TAOCP 7.2.2.1 Exercise 15

Let the positions be $1,2,\dots,2n$.

Section 7.2.2.1: Dancing Links

Exercise 15. [20] [20] The options in (16) give us every solution to the Langford pair problem twice, because the left-right reversal of any solution is also a solution. Show that, if a few of those options are removed, we get not only half as many solutions; the others will be the reversals of the solutions found.

Verified: yes
Solve time: 2m23s


Solution

Let the positions be $1,2,\dots,2n$. In the exact-cover formulation of Exercise 16, an option for the number $k$ is

$$ {,k,\ i,\ i+k+1,}, $$

where the left occurrence of $k$ is placed in position $i$, forcing the right occurrence to be in position $i+k+1$. The admissible values of $i$ satisfy

$$ 1\le i\le 2n-k-1. $$

A left-right reversal sends position $j$ to $2n+1-j$. Hence the option

$$ {,k,\ i,\ i+k+1,} $$

is transformed into

$$ {,k,\ 2n-i-k,\ 2n+1-i,}, $$

since

$$ (2n+1-i)-(2n-i-k)=k+1. $$

Thus reversal induces an involution on the set of exact covers.
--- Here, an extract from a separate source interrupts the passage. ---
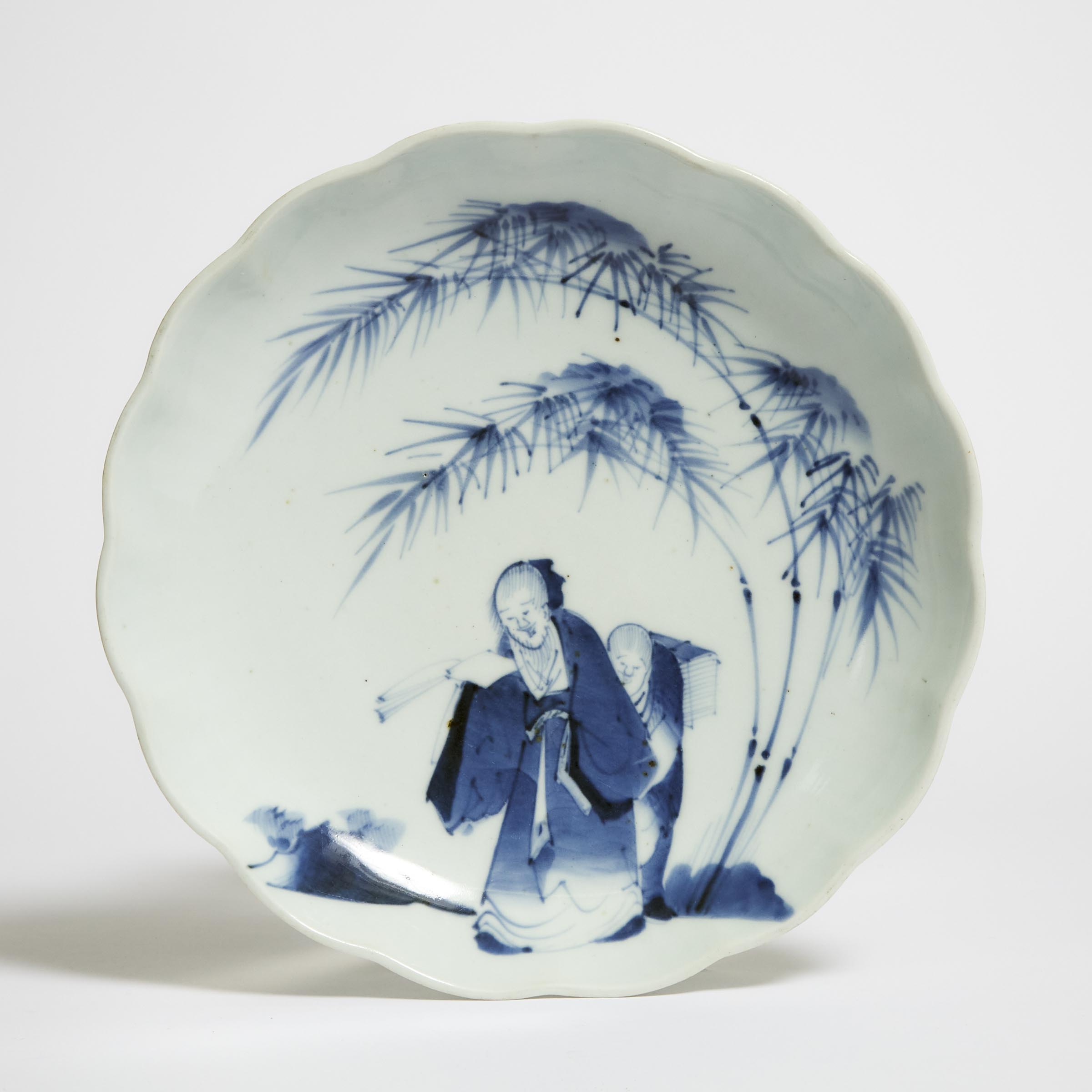 A Japanese Arita Blue and White 'Scholar' Charger, Edo Period, Early 19th Century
Now consider the largest number $n$. Its two occurrences occupy positions

$$ i,\qquad i+n+1, $$

where necessarily

$$ 1\le i\le n-1, $$

because $i+n+1\le 2n$ is equivalent to $i\le n-1$.

Under reversal this option becomes

$$ {,n,\ n-i,\ 2n+1-i,}, $$

since

$$ 2n+1-(i+n+1)=n-i. $$

Therefore reversal sends the starting position of the largest pair according to

$$ i\longmapsto n-i. $$

The possible starting positions

$$ 1,2,\dots,n-1 $$

are therefore partitioned into pairs

$$ {,i,\ n-i,}, $$

except that when $n$ is even there is one fixed value,

$$ i=\frac n2. $$

To break the reversal symmetry, delete all options for the number $n$ with

$$ i>\frac n2. $$

Equivalently, retain only those with

$$ i<\frac n2, $$

and also retain the option $i=n/2$ when $n$ is even.
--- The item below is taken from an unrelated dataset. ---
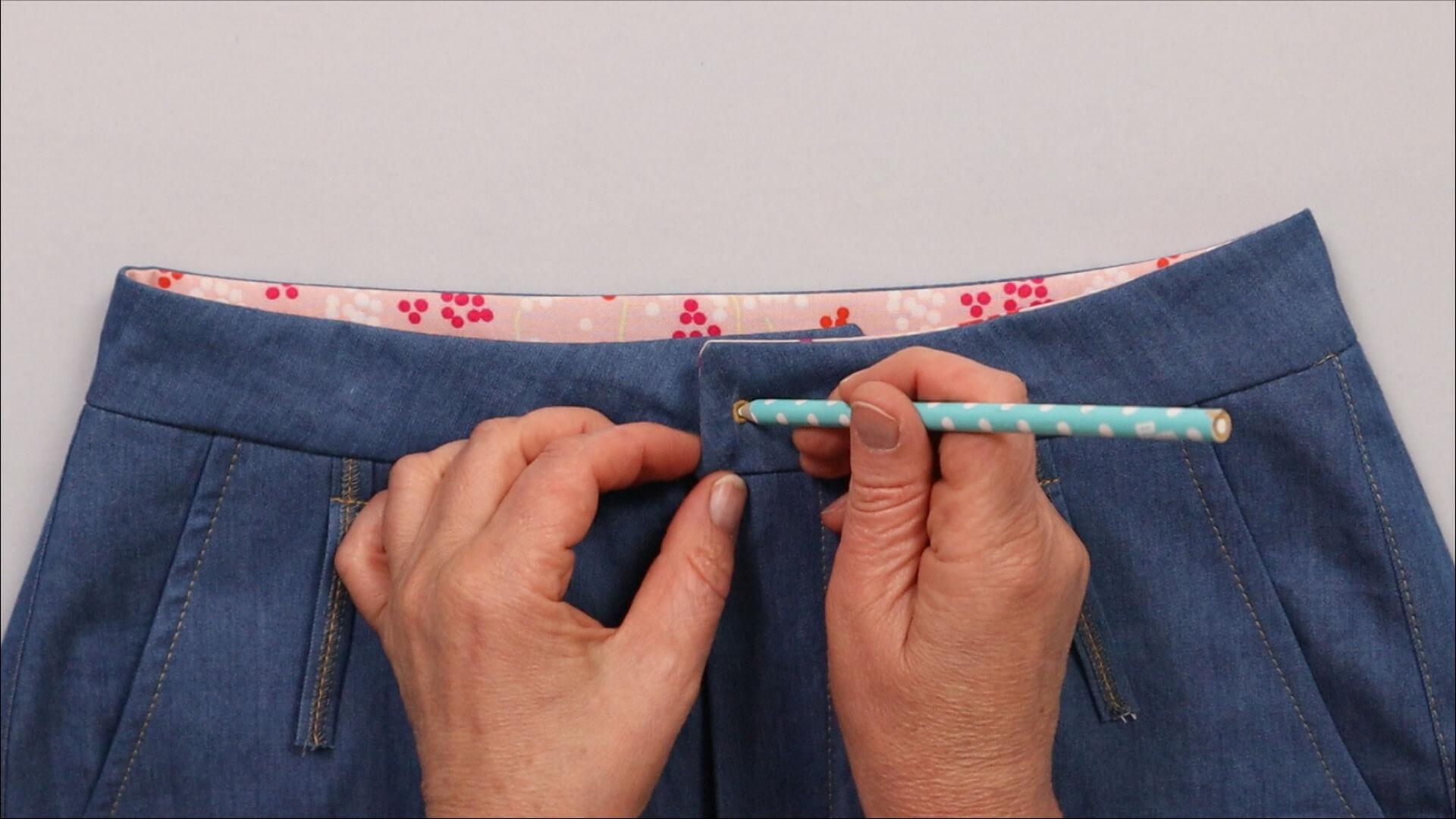 Das Bild zeigt, wie die Position des Knopfes auf dem Hosenbund markiert wird.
It remains to prove that exactly one member of each reversal class survives.

Let $S$ be any Langford solution, and let $i$ be the starting position of its largest pair.

If

$$ i<\frac n2, $$

then the option for $n$ is retained, so $S$ remains.

If

$$ i>\frac n2, $$

then $S$ is discarded. Its reversal has starting position

$$ n-i<\frac n2, $$

so the reversed solution is retained.

The only remaining case is

$$ i=\frac n2, $$

which can occur only when $n$ is even. In this case the largest pair is mapped to itself by reversal. One must show that this does not invalidate the symmetry-breaking argument.

Suppose, for contradiction, that a Langford sequence were equal to its own reversal. Then every occurrence of every symbol would have to be mapped to the other occurrence of the same symbol. Hence, if the two occurrences of $k$ are at positions $a$ and $a+k+1$, reversal gives

$$ 2n+1-a=a+k+1, $$

so

$$ 2a+k+1=2n+1. $$

Applying this to $k=n$ yields

$$ 2a+n+1=2n+1, $$

hence

$$ a=\frac n2. $$

Thus the largest pair is indeed centered, as expected.

Now apply the same identity to every $k$. It gives

$$ 2a=2n-k. $$

The left side is even, so $k$ must be even. Therefore every number occurring in the sequence would have to be even, which is impossible whenever $n\ge2$, since the set of symbols is

$$ 1,2,\dots,n. $$

Hence no Langford sequence is fixed by reversal.

Therefore every reversal class consists of exactly two distinct solutions. For each such pair, exactly one solution has the largest pair starting at a position satisfying

$$ i\le\frac n2, $$

and exactly one has it starting at a position satisfying

$$ i\ge\frac n2. $$

After deleting the options with

$$ i>\frac n2, $$

exactly one representative of every reversal pair remains.

Thus the reduced exact-cover instance produces exactly half of the original solutions, and the discarded half are precisely the left-right reversals of the retained solutions.